# Notes for Measure Theory

I am not a mathematician, my only higher level mathematics course was, what would now be called, a service course. I took this course over 40 years ago and the approach was very practical. So as I work through the book on measure theory I am having to look up definitions which would probably be obvious to a newer mathematics graduate.

The Axiom of Choice – if a set ${A}$ is partitioned into a number of non-empty disjoint subsets, ${P_i}$, the axiom of choice says that we can always obtain a set, ${T}$, by choosing one element from each of the ${P_i}$. This seems self evident when the number of subsets is finite; the axiom of choice extends this to the case where the number of subsets is infinite.
Countable – a set, ${A}$, is countable if one can define a bijective mapping from ${A}$ to a subset of the set of natural numbers, ${\mathbb{N}}$. If the mapping is from ${A}$ to ${\mathbb{N}}$ then ${A}$ is said to be countably infinite.
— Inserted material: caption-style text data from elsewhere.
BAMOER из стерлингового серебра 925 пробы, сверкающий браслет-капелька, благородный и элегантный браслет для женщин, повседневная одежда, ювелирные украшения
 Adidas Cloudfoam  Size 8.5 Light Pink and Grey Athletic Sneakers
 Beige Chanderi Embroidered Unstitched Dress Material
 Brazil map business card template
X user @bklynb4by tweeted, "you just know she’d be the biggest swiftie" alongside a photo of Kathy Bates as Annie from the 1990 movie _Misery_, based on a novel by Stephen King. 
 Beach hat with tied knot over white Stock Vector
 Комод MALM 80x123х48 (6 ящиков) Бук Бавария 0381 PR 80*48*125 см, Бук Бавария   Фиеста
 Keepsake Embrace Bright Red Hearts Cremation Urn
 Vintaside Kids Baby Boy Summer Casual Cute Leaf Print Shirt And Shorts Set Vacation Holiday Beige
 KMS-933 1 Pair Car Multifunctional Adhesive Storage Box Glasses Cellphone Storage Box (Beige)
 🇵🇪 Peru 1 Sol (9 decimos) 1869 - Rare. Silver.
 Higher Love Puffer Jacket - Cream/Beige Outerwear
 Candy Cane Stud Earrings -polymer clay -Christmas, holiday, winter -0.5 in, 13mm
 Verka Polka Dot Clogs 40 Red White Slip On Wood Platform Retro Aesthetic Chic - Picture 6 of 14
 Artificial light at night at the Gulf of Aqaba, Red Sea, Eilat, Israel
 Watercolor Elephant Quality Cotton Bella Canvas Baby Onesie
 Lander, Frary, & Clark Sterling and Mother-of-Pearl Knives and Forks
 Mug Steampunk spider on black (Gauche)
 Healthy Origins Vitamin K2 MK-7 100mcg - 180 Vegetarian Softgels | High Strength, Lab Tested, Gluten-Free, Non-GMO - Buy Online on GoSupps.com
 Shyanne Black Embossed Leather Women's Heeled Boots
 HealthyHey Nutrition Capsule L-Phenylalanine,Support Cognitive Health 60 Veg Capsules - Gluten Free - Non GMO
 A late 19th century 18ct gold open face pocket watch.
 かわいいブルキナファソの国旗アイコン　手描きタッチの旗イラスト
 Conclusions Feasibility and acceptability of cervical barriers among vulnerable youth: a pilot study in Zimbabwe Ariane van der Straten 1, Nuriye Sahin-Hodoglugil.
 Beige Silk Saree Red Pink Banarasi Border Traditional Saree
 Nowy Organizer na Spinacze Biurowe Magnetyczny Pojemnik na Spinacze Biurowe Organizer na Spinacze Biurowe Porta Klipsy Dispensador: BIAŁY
Infimum – given a set ${A}$, the infimum, ${\inf A}$, is the greatest lower bound of ${A}$. For example, if ${A=\{1/n: n\in \mathbb{N}\}}$, there is no minimum value, but ${\inf A}$ is defined and equals ${0}$. Note that ${\inf A \notin A}$,
Supremum – given a set ${A}$, the supremum, ${\sup A}$, is the least upper bound of ${A}$. For example, if ${A=\{1-1/n: n\in \mathbb{N}\}}$, there is no maximum value, however ${\sup A}$ is defined and equals ${1}$. Note that ${\sup A \notin A}$,
Uncountable – a set ${A}$ is uncountable if, and only if, it is not finite and not countable. The set of real numbers ${\mathbb{R}}$ is uncountable.